Cells, each of which contain our full genetic information, are the building blocks for complex life. Genes carry information in the form of DNA which, not only determine our physical characteristics, but also govern the day-to-day functioning of our biological processes and ultimately maintain our health.
A genetic disorder or disease occurs when a segment of our DNA is damaged, missing, duplicated, or substituted, causing our body to function in an unexpected way. This can be seen in conditions like cancer where a dividing cell mutates and develops a genetic abnormality, that causes it to begin to reproduce rapidly developing into a tumour. Other clinical conditions associated with genetic disorders are often described as rare and complex diseases.
As these diseases are caused on a genetic level, they were traditionally understood poorly and largely considered incurable. Genetic diseases remain prevalent, with many having few, if any, treatments to alleviate symptoms. This is especially true of numerous cancers. With the advent of cell and gene therapies, there are now emerging therapies that offer hope for effective treatments or even a cure for these life-threatening conditions.
While they are related fields that sometimes overlap, cell therapy and gene therapy are different.

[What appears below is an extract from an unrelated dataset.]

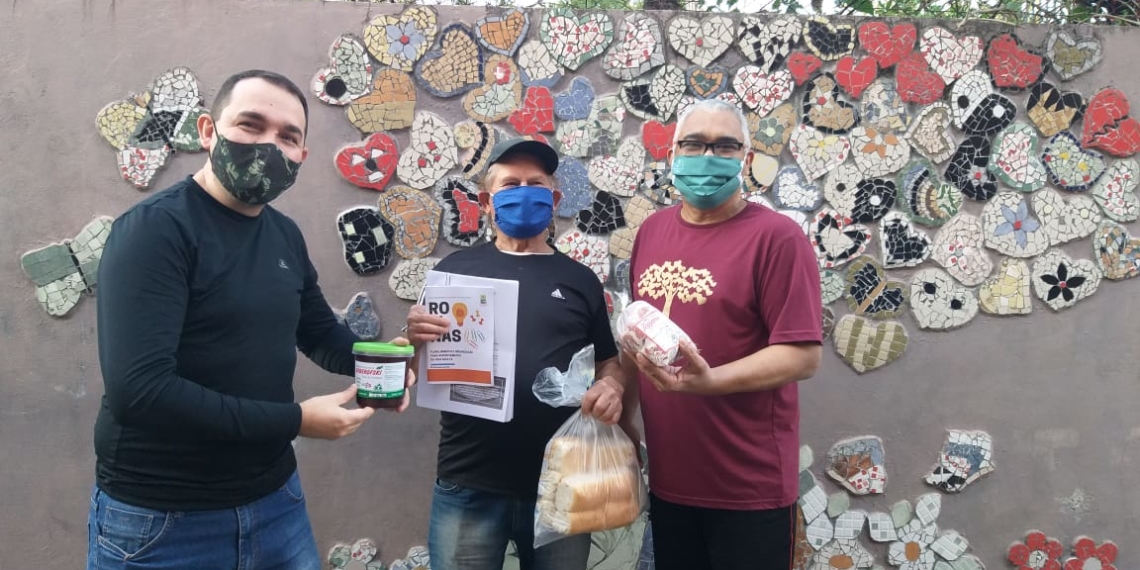 Secretaria de Educação de Sapiranga entrega cartilhas e kits a alunos do Projeto Reconstruir e EJA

Cell therapy uses cultivated cells which have been genetically modified to address a specific genetic condition. Cells cultivated under carefully controlled conditions are introduced to the patient and contain vital genetic information to induce the required therapeutic effect.

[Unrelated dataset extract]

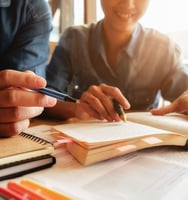 Enseignante à domicile, soutien scolaire & aide aux devoirs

Cells can be acquired from an individual patient whose cells are processed and re-administered into the patient, known as autologous cell therapy. In some instances, the cells may have been adapted from donor cells. This is known as allogeneic cell therapy.
Gene therapy is a new-age treatment, it works by changing a patient’s DNA on a cellular level either with treatments inside the body (in vivo) or outside the body (ex vivo). Many of these treatments use therapeutic viruses, which are engineered to induce changes in a patient’s cells.
Research into Cell and Gene Therapy becomes real for patients when breakthroughs translate into the manufacture of Advanced Therapy Medicinal Products (ATMPs). These new medicines treat genetic diseases at the source by affecting changes in their tissue, cells, or DNA with the potential to provide an effective ‘once only’ treatment to alleviate severe disease.